■ Record extracts ■
::::

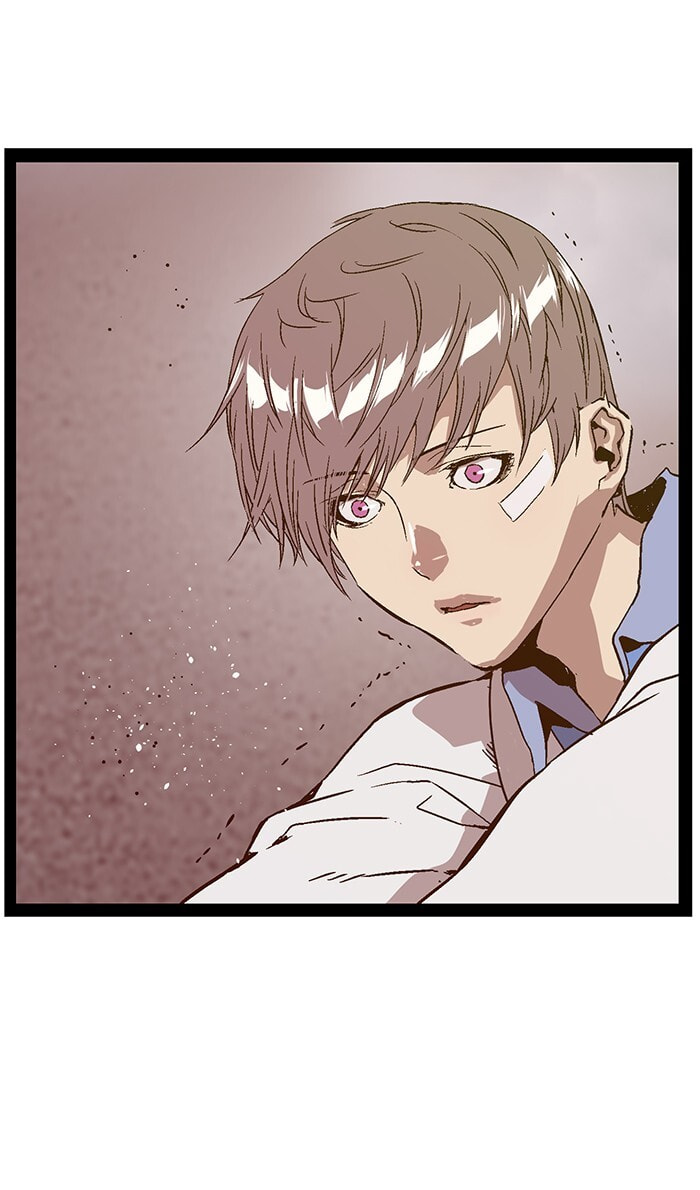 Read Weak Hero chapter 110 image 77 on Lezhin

::::

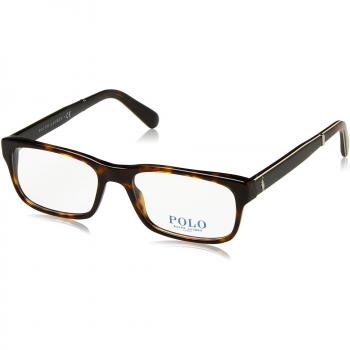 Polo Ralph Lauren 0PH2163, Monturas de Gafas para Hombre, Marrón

::::

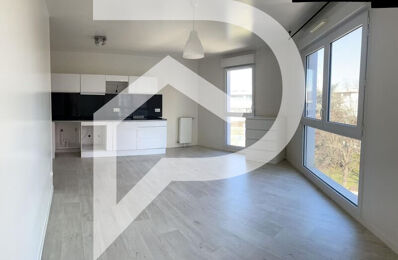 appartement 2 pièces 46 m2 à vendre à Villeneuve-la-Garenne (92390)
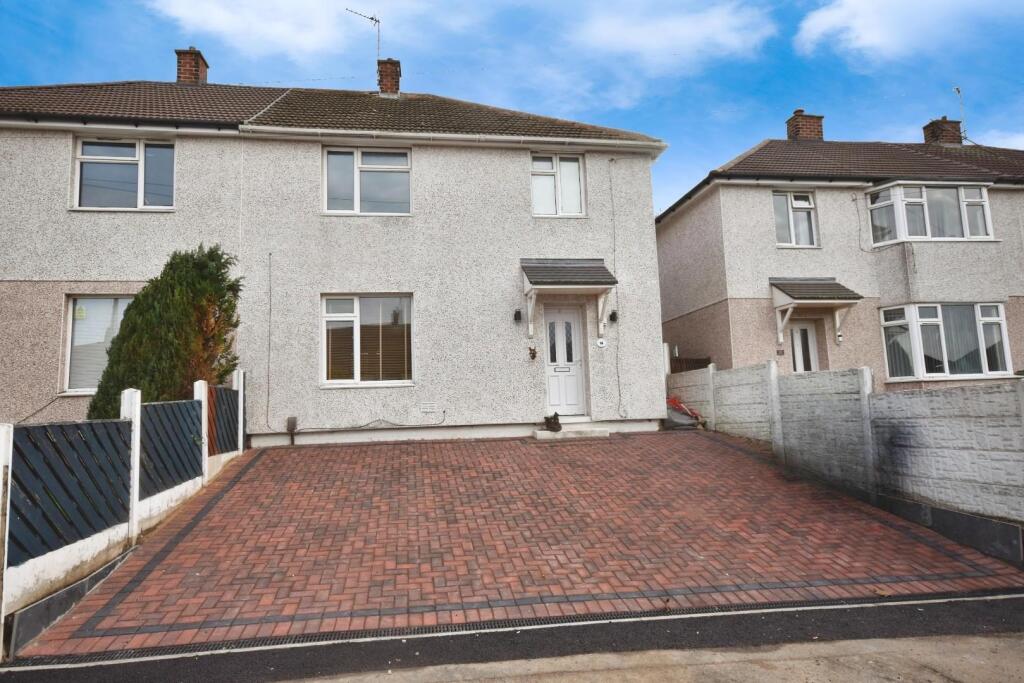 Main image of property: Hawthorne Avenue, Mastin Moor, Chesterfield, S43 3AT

::::

■ Exercise objective ■
Everything above from the line containing "appartement 2 pièces" through the line containing "Main image of" must be repeated exactly, and the pictures must be left out.

■ Exercise answer ■
 appartement 2 pièces 46 m2 à vendre à Villeneuve-la-Garenne (92390)
 Main image of property: Hawthorne Avenue, Mastin Moor, Chesterfield, S43 3AT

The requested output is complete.